As of December 31, 2019 and 2018, the value of the managedoff-balance sheet financial assets is as follows:
2019 | 2018 | |||||||
S/(000) | S/(000) | |||||||
Investment funds | 13,243,888 | 12,924,575 | ||||||
Mutual funds | 5,049,034 | 4,668,076 | ||||||
|
|
|
| |||||
Total | 18,292,922 | 17,592,651 | ||||||
|
|
|
|
33. | Subsequent events |
(a) | Since the balance sheet date, a novel strain of coronavirus (COVID-19) has spread first in China and then in other countries. As a result, on March 3, 2020, COVID-19 was characterized as a pandemic by the World Health Organization. Such events have caused disruption of regional and global economic activity, suspension of international flights and the shutdown of countries’ borders. |
In relation to the COVID-19 global pandemic, IFS has put into effect a business continuity program since early March 2020, with actions involving different levels of the organization. Supporting these actions, the Peruvian Government and several authorities at the economic front – such as the BCRP, the SBS, the MEF and the Securities Market regulatory body – have all reacted promptly to tackle the crisis.
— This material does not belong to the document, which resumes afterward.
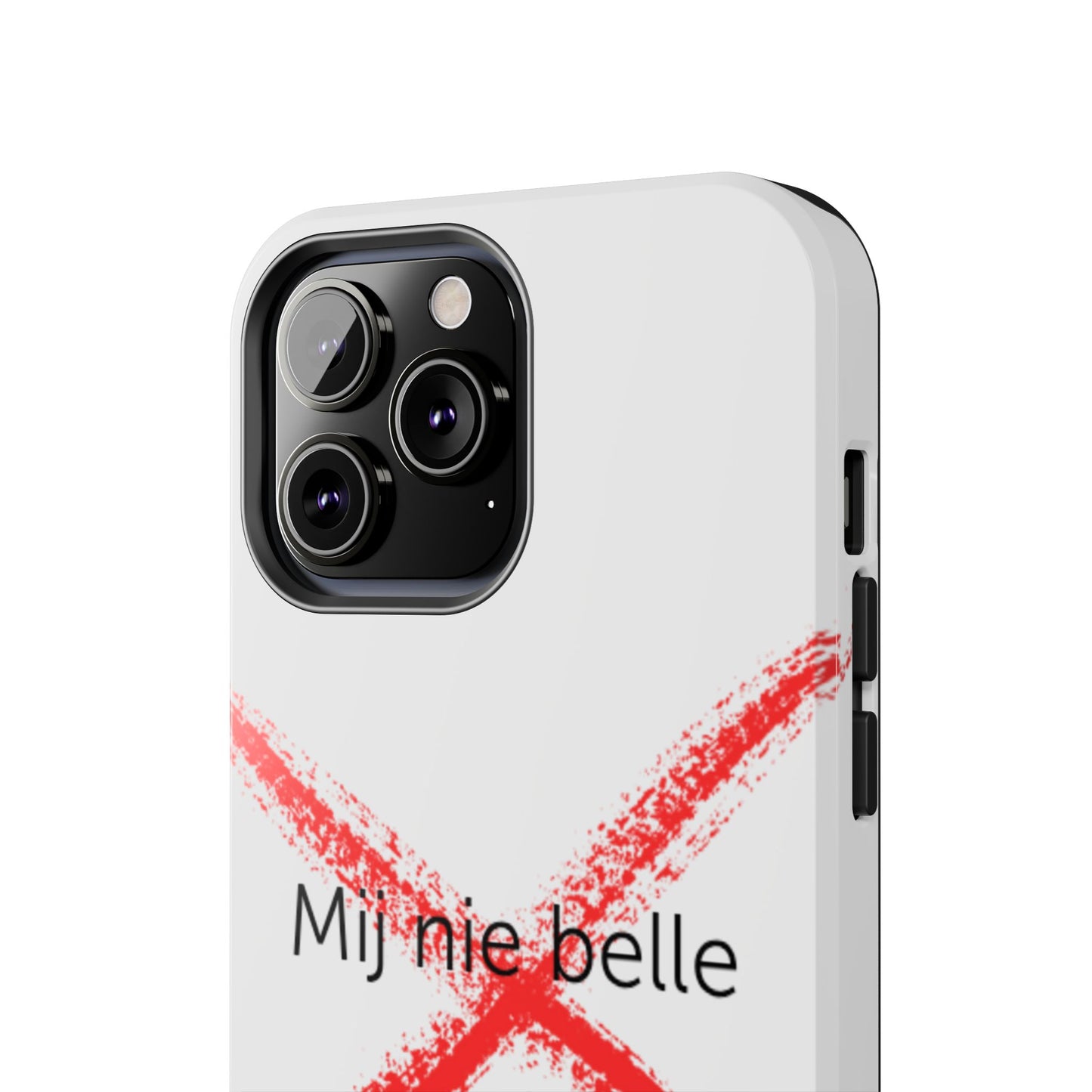 Telefoonhoesje - Mij Nie Belle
IFS is closely monitoring the situation in all its different business lines, and management is focused on guaranteeing the operation and strengthening the Subsidiaries’ liquidity and solvency position, while adopting a series of measures to help clients affected by this crisis. With respect to liquidity, Interbank has remained active in the Central Bank’s day-to-day operations and has drawn lines of credit available from correspondent banks abroad, while its retail deposit base has continued to grow. Moreover, Interbank has already approved a reduction in its 2019 earnings’ payout ratio, from the previous 45 percent to 25 percent, in order to strengthen its total capital and core capital ratios to face the volatile environment. First quarter of 2020 earnings have also been agreed to be capitalized in advance at the bank level.
People and clients’ well-being are top priorities for IFS. On one hand, employees are subject to specific protocols – including social distancing, hygiene habits, health surveillance, home office implementation and strong communications for high engagement. On the other hand, clients can request the rescheduling of their debts and may postpone their payment obligations under various arrangements, with no interest or fees applicable. Non-contact service channels (telephone banking and internet) play an important role in enabling quick and simple implementations of these arrangements.
The impact of the COVID-19 outbreak on our expected results of operations cannot be reasonably estimated at this time given the magnitude, duration and global reach of the situation.
(b) | In 2019, The Universal Shareholders’ Meeting of Interseguro approved a transaction between Interseguro and Mapfre Perú Vida Compañía de Seguros y Reaseguros S.A. (henceforth “Mapfre”) through which Interseguro committed to acquire certain assets and liabilities, related to payment obligations that Mapfre held with pensioners of the Complementary Insurance for High-risk Activities (“SCTR”, by its Spanish acronym). |
In this sense, through Resolution No. 47315–2019-SBS, dated December 4, 2019, the SBS authorized the transaction, which was made effective on January 2, 2020. At said date, Interseguro received cash for an amount equivalent to S/59,479,000, financial instruments for an equivalent value of S/196,970,000, and recognized the corresponding liabilities for technical reserves determined under IFRS policies. The final value of the portfolio transferred is currently under review by Management of Interseguro and Mapfre.